[Twisted-web] Re: [Web-SIG] WSGI woes

Thu Sep 16 14:08:48 MDT 2004

At 08:29 PM 9/16/04 +0100, Alan Kennedy wrote:
>[Alan Kennedy]
> >> In an asynchronous situation, the application cannot simply do a
> >> blocking read on the input: that will tie up the server thread.
>
>[Phillip J. Eby]
> > What do you mean by "server thread"?  A truly asynchronous server (one
> > using "no threads") cannot serve multiple WSGI requests
> > simultaneously.  In the general case, a WSGI server can only serve as
> > many requests simultaneously as it has available threads for.
>
>Sorry, I should have paid more attention to phrasing in this context.
>
>By  "server thread" I mean the thread of execution that is running the 
>select/poll operation in the server (which needs at least *one* thread). 
>If the application did a blocking read of the input running in a simple, 
>single-threaded asyncore-style server, that single thread would block, 
>holding up event processing.

Right, which is (one reason) why a WSGI server can in the general case only 
serve as many WSGI requests simultaneously as it has available threads for, 
although it's possible to improve on that worst-case condition by 
appropriate use of iterators.

>But I don't see the need for pausing logic or queues?
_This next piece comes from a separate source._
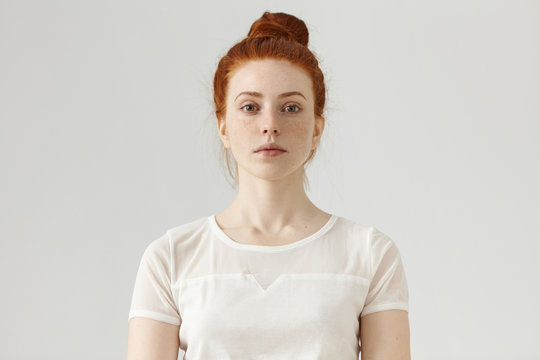Indoor portrait of attractive young European ginger woman with freckled face and hair bun standing at grey studio wall, dressed in white blouse, her look and posture expressing self-confidence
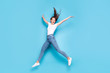 © deagreez - Full size photo of pretty teen raising hands screaming laughing wearing white t-shirt denim jeans sneakers isolated over blue background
Why can't the server 
>simply call directly into the application, e.g. using a "process_input" 
>method, in effect saying "you have some input ready".
>
>And I'm not sure I see the need for the application to check that the 
>wsgi.input hasn't been replaced: if there were middleware further down 
>that stack that was intercepting and transforming the input stream, then 
>*it* should be the one receiving the asynchronous notification from the 
>server. This lower level component would then read some input, process it, 
>and then call a "process_input" method on the next component up in the 
>stack, etc, etc.
>
>I suppose I'm talking about the server "pushing" the input through the 
>middleware stack, whereas you're talking about the application at the stop 
>of the stack "pulling" the data up through the stack. Is that right?

That's correct, and that's what I'm trying to avoid if at all possible, 
because it enormously complicates middleware, to the sole benefit of 
asynchronous apps -- that mostly aren't going to be portable anyway.

So, going by STASCTAP theory (Simple Things Are Simple, Complex Things Are 
Possible), the pause/resume approach makes asynchronous applications 
*possible*, while keeping the nominal synchronous cases and middleware 
*simple*.

>And I'd be interested to see how your approach would handle a situation 
>where there is both streaming input and output. For example, a server that 
>takes strings of any length, say 10**9 bytes, and .encode('rot13')'s each 
>byte in turn, before sending it back to the client.

Presumably, the function to pause for input needs to take a minimum length, 
or have some way to communicate available length to the application.

I don't pretend to fully understand the needed use cases here, because I 
have little experience writing web applications that need to wait on other 
network services (other than databases) while a client is waiting.  And if 
I were writing an asynchronous server, I'd probably at least consider using 
Greenlets to context-switch blocking operations so that they wouldn't tie 
up an active thread.  Such an approach is conceptually easier to deal with, 
IMO, than writing everything in continuation-passing style.

But I *do* want WSGI to make it *possible* to meet async apps' use cases, 
which is why I'm seeking input from those that do have the relevant 
experience.  The trade-off is that it shouldn't excessively complicate 
nominal compliance with WSGI.  In particular, I'd prefer that the current 
"example CGI gateway" in PEP 333 not require any major changes or 
significant expansion.